What is the fallacy in my reasoning of this sentence-to-first-order-logic-problem? Given predicates


*

*Occupation(p,o) (Person p has job o)

*Client(p1, p2) (Person p1 is a client of person p2)


And constants:
•   Occupations: Lawyer, doctor, officer
•   Persons: Emily, Joe
And sentence:


*

*There exists a lawyer of which all its clients are doctors.

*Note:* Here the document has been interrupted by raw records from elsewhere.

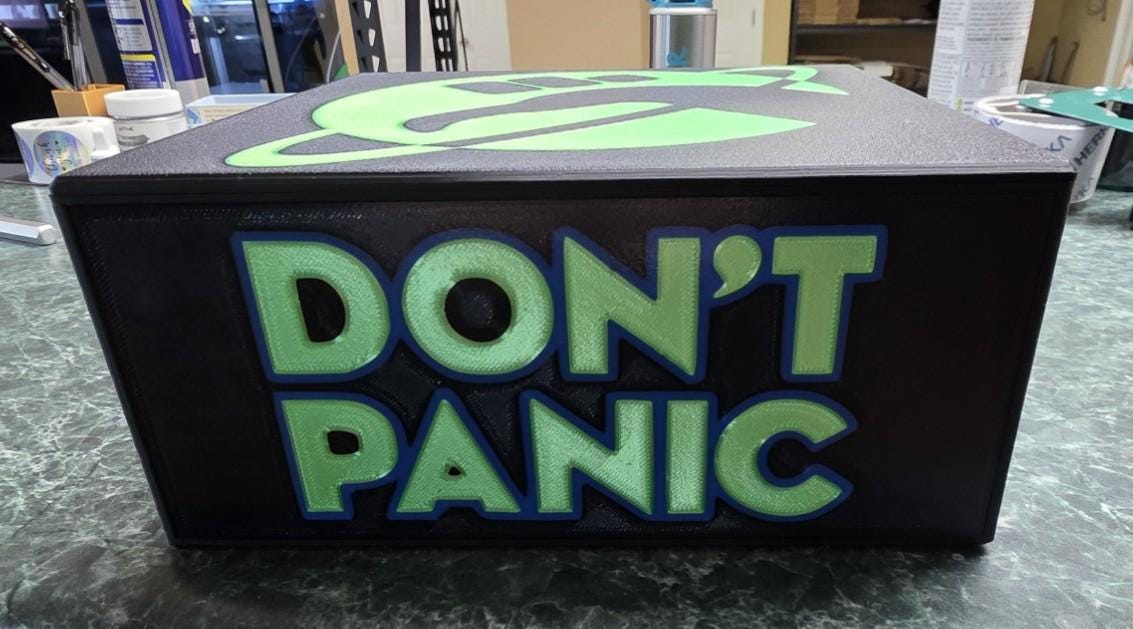 Hitchhiker Guide MTG Commander Deck Box, Card Case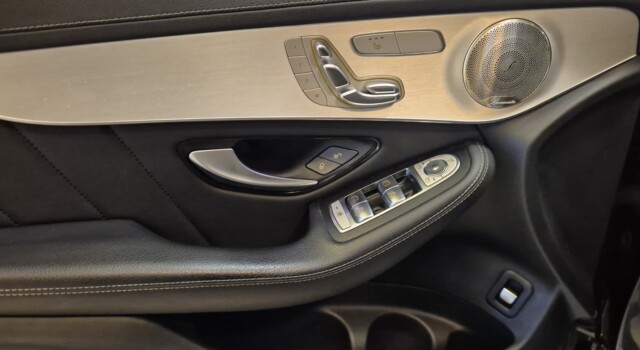 MERCEDES-BENZ GLC 220 d AMG Plus 4Matic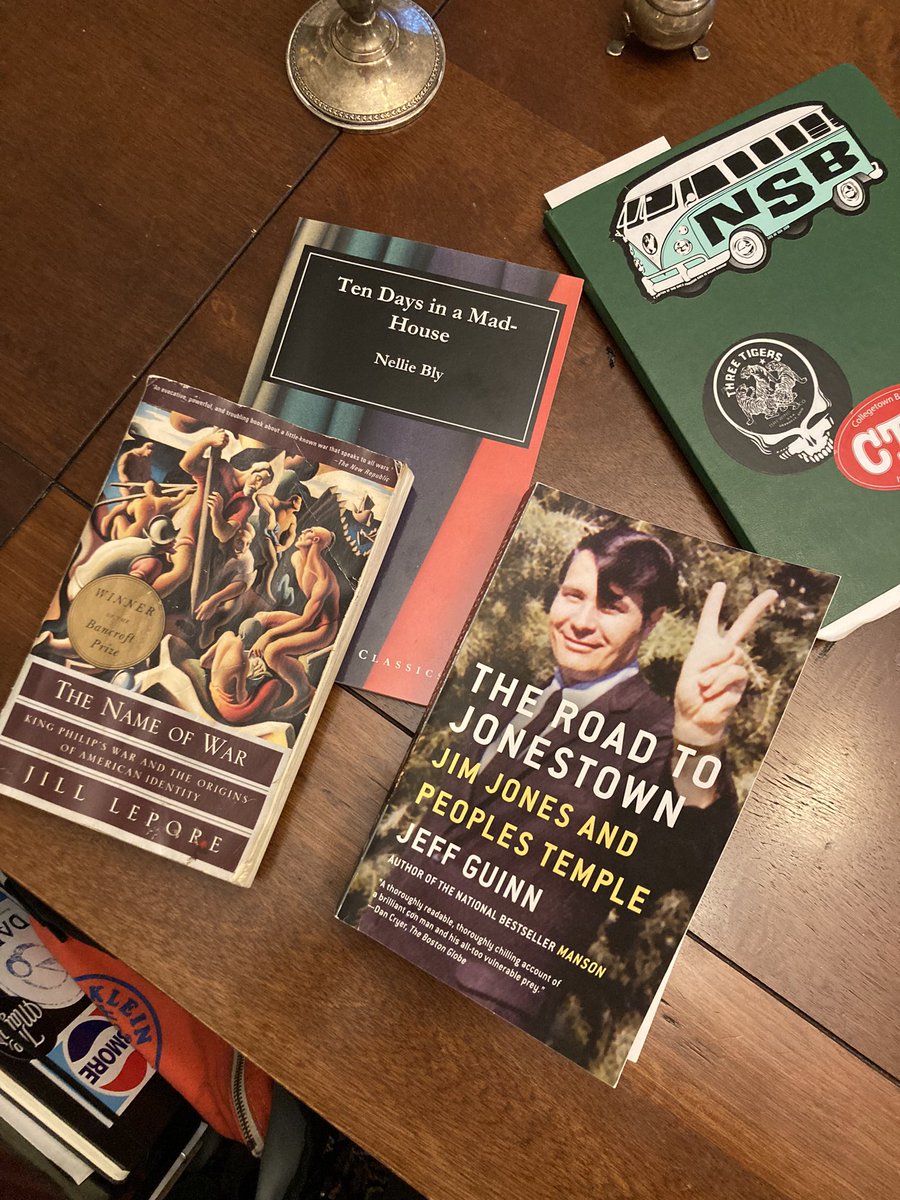 mrHooksHorde tweet media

I then translated the above sentence in first-order logic and came up with this:
∃x[Occupation(x,lawyer) ⟶ ∀y[Occupation(y,doctor) ∧ Client(y,x)]]
This reads (according to me): There exists an X such that if X is a lawyer, then all Y's are a customer of X and they're doctors. 
However, peeking at the answers, I found that the only solution was:
∃x[Occupation(x,lawyer) ∧ ∀y[Client(y,x) ⟶ Occupation(y, doctor)]]
This reads (according to me): There exists an X such that if X is a lawyer and all Y's are a client of X, then they are all doctors. I feel like this doesn't express the sentence correctly.
I'm stumped as to why my answer is incorrect! I can't figure out the logical difference between those two sentences and English isn't my main language (so maybe that's where the problem lies?). What is the fallacy in my reasoning? 
 A: You are correct in your translation of your sentence, but this does not correspond to the initial plain English sentence.
This is how I would translate your sentence:

There exists X such that if X is a lawyer then for every Y, Y is  doctor and a client of X

Pretty much the same as you translated it. What does this mean though? First of all notice that after there exist X we have an if. This means that the sentence is trivially true (since X can be not a lawyer, and the sentence is still true). So you want to start with a statement that X is a lawyer and then add more conditions. Furthermore, let's assume we have X being a lawyer, what does the rest of the sentence mean? It means that there is a lawyer that has all people as clients (including themselves) and all people are doctors. So if there are 10 people in our universe, then one is a lawyer and all are doctors and clients of his/hers. The initial plain English statement of course just meant that, for example, one lawyer just has 2 clients and both of them are doctors. 
Furthermore you are not correct in your translation of the book sentence. Here's my translation:

There exist X such that X is a lawyer and for every Y, if Y is a client of X, then Y is a doctor.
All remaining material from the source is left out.